[Dataset content Boundary: Start]

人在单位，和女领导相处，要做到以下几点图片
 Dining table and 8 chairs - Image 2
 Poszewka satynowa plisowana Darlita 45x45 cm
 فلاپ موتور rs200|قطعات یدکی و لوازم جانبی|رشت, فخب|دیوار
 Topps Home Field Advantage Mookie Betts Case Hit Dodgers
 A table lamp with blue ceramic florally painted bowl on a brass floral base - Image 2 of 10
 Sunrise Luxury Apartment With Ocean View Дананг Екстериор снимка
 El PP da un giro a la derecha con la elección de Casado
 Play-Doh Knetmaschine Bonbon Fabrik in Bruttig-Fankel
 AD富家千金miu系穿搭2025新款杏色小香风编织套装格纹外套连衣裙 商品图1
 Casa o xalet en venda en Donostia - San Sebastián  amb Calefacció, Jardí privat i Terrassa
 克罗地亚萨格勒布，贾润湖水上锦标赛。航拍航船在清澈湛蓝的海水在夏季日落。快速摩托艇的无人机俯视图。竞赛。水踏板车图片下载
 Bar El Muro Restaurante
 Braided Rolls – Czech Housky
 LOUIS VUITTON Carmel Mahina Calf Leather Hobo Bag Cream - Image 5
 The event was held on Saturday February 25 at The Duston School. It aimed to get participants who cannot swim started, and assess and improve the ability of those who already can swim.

[Dataset content Boundary: End]

| Work instruction |
Start with the first line of the data and print every line exactly. The line containing "A table lamp" is the last one to include.

| Task answer |
人在单位，和女领导相处，要做到以下几点图片
 Dining table and 8 chairs - Image 2
 Poszewka satynowa plisowana Darlita 45x45 cm
 فلاپ موتور rs200|قطعات یدکی و لوازم جانبی|رشت, فخب|دیوار
 Topps Home Field Advantage Mookie Betts Case Hit Dodgers
 A table lamp with blue ceramic florally painted bowl on a brass floral base - Image 2 of 10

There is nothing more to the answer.